Last night I caught the tail end of The Richard Dimbleby Lecture with Nobel Laurette Sir Paul Nurse. It really made me think about the way we integrate science in the work place and how we can use science to engage young people. I'm no ambassador for science, in fact I suck, but revolutionary Sir Paul Nurse's lecture was so captivating and down to earth that, for the first time in weeks, I came away feeling positive about the state of the British economy. He made amazing points about how we need to fund research into new technologies, encourage citizens to have a sense of ownership over the NHS and for teachers to inspire students to be free thinkers and scientists in their own right. 'School leavers should know the difference between astronomy and astrology'.

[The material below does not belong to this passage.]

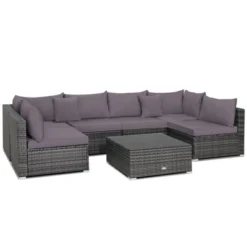 Tangkula 7PCS Patio Rattan Sectional Sofa Set Outdoor Furniture Set W/ Cushions -Tangkula Shop GUEST 464fc064 ae86 4c18 851d 4162b8dc05d2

Sir Paul touches on the new Francis Crick Institute, Kings Cross (opening in 2015) that will be a hot house for over 1,500 scientists. Sir Paul's vision is for scientists to leave the confines of the laboratories and meet with the great minds from industry, finance, media and public services to generate revenue for the economy.
WATCH IT HERE.
There has always been a huge emphasis on training up young people in the creative industries, but in this current climate, how many jobs are there in the creative industries? As companies downsize and recruit 'jack of all' for roles that previously would require specialist isn't it worth looking into how we combine science and creativity to inspire young people? It's about realising that creative science exists - it's just your mindset. I hope you find this lecture as thought provoking as I did, here's a quote from Sir Paul:
It is often in mixed up and chaotic circumstances that the most creative work is done.